Segment Start: AVAILABLE RECORDS
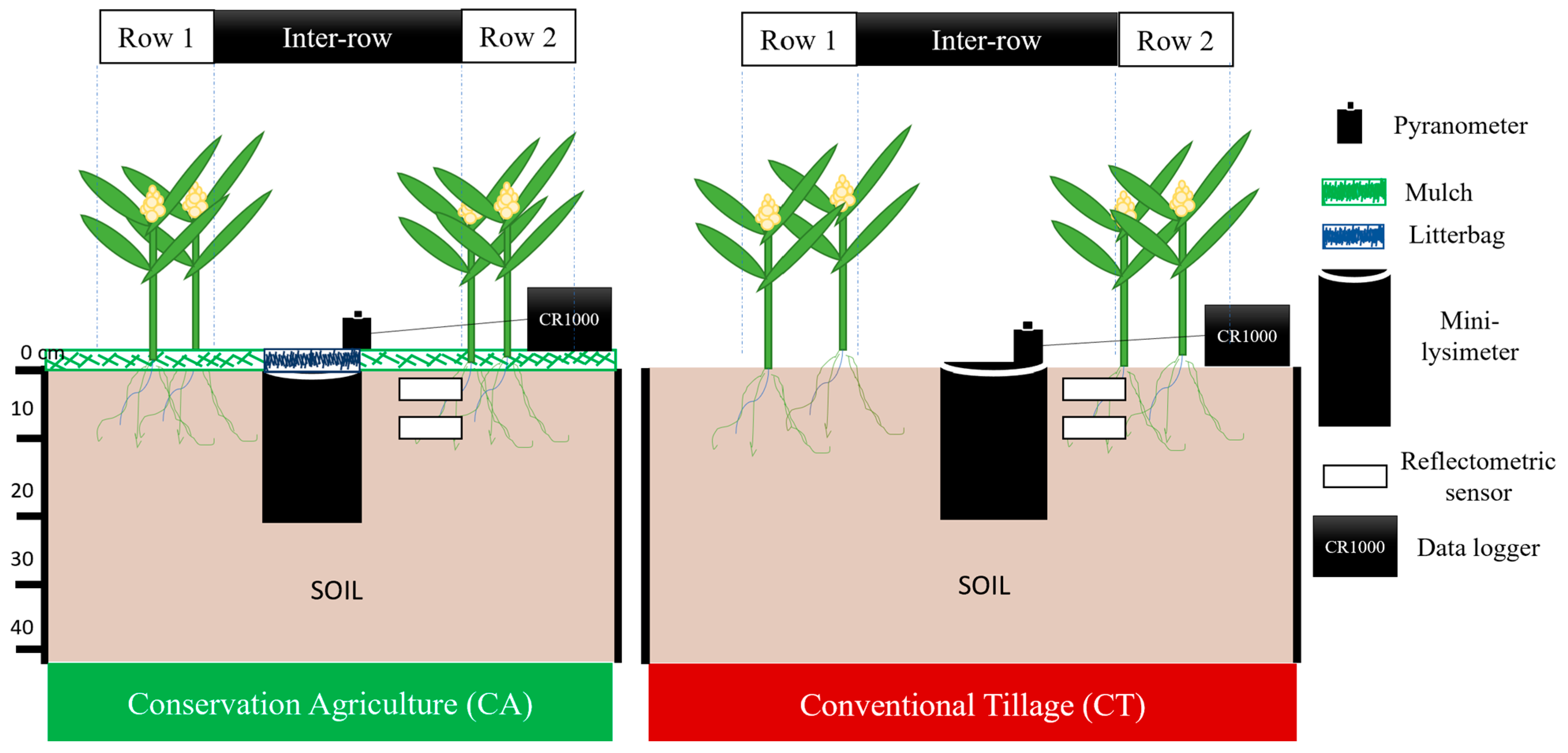 Agronomy 15 00299 g003 Agronomy 15 00299 g003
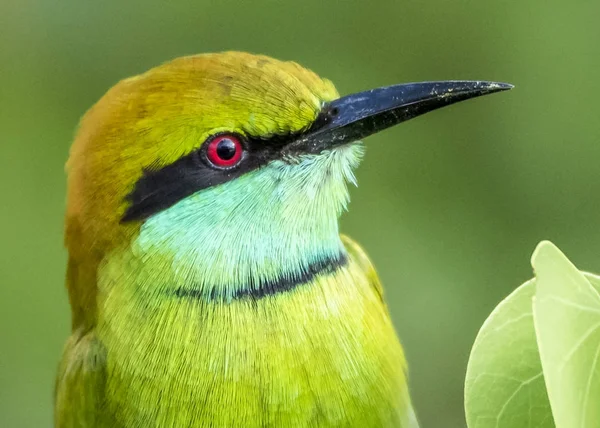 Green Bee-eater — Stock Photo, Image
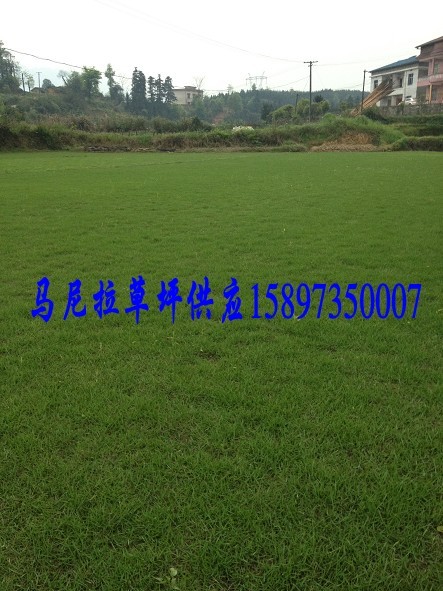 长沙草皮草皮价格-湖南长沙草坪供应  长沙草皮价格
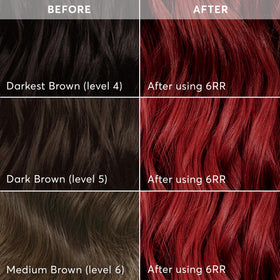 Échantillon de couleur crémeuse du Kit de Coloration Madison Reed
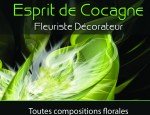 ESPRIT DE COCAGNE 81500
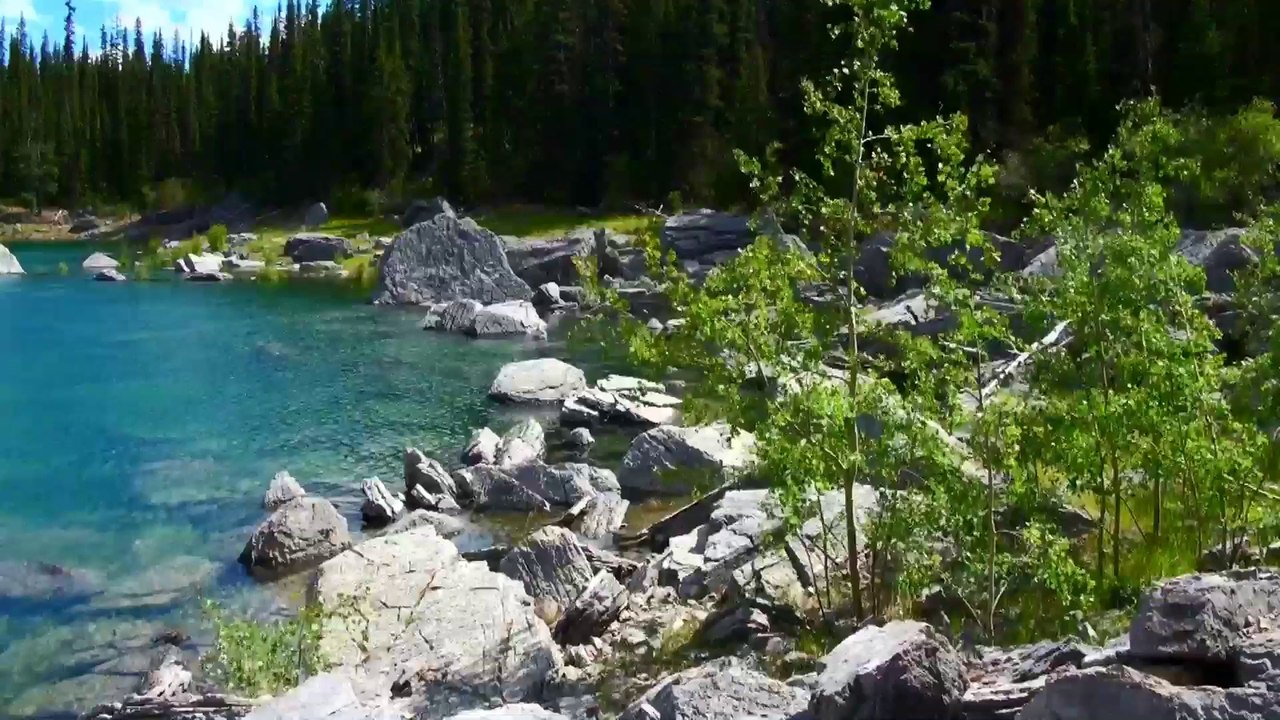 Medicine Lake West in Jasper NP.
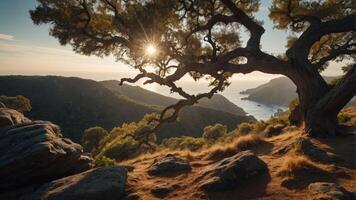 Scenic view of a coastal landscape with a tree and sunlight filtering through. photo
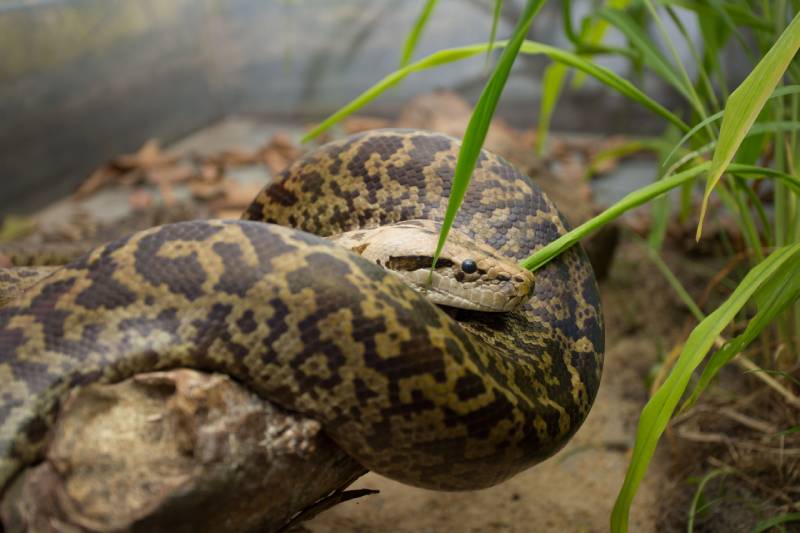 granite burmese python staring is bush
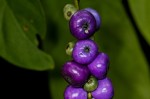 Bertiera aethiopica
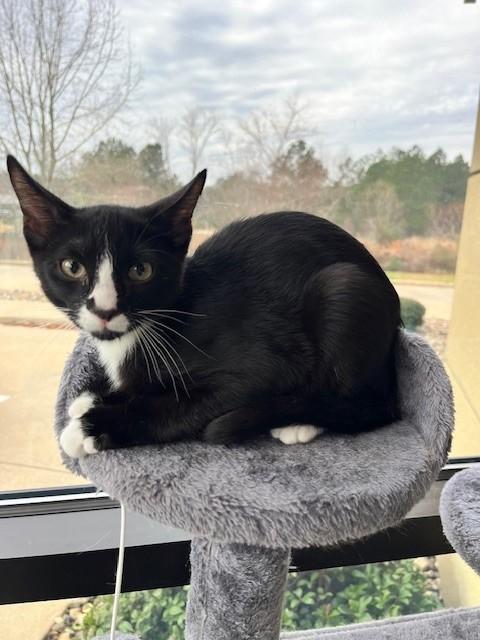 Figaro — thumbnail 3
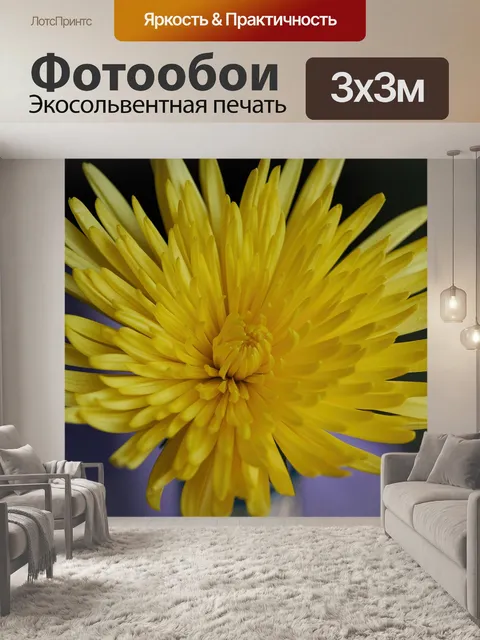 Фотообои Цветок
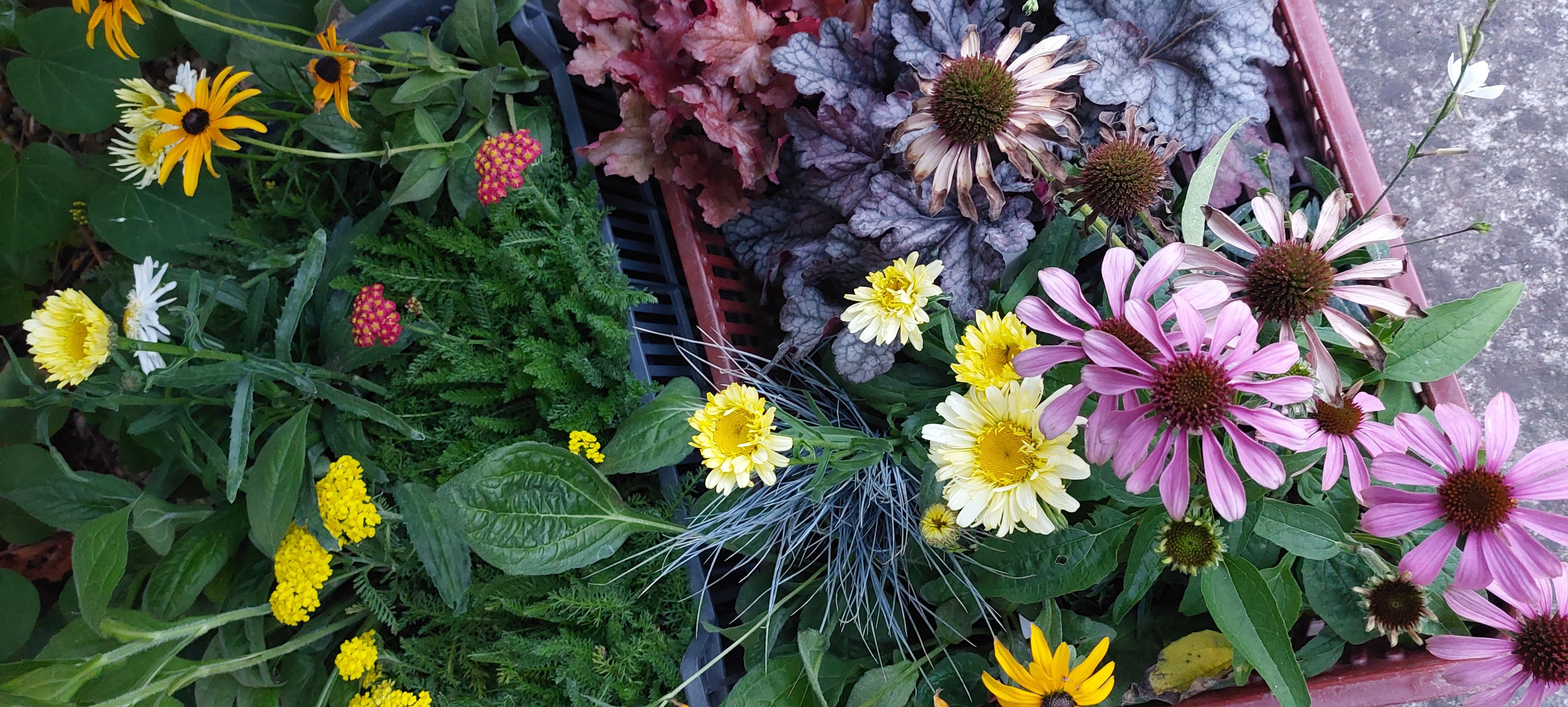 Zahradnictví Zmeškalovi foto 5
Segment End: AVAILABLE RECORDS
WHAT YOU WILL DO |
Nothing but the lines from the one holding "granite burmese python staring is bush" through the last line of the listing should appear in the answer, copied exactly and without pictures.

EXERCISE ANSWER |
 granite burmese python staring is bush
 Bertiera aethiopica
 Figaro — thumbnail 3
 Фотообои Цветок
 Zahradnictví Zmeškalovi foto 5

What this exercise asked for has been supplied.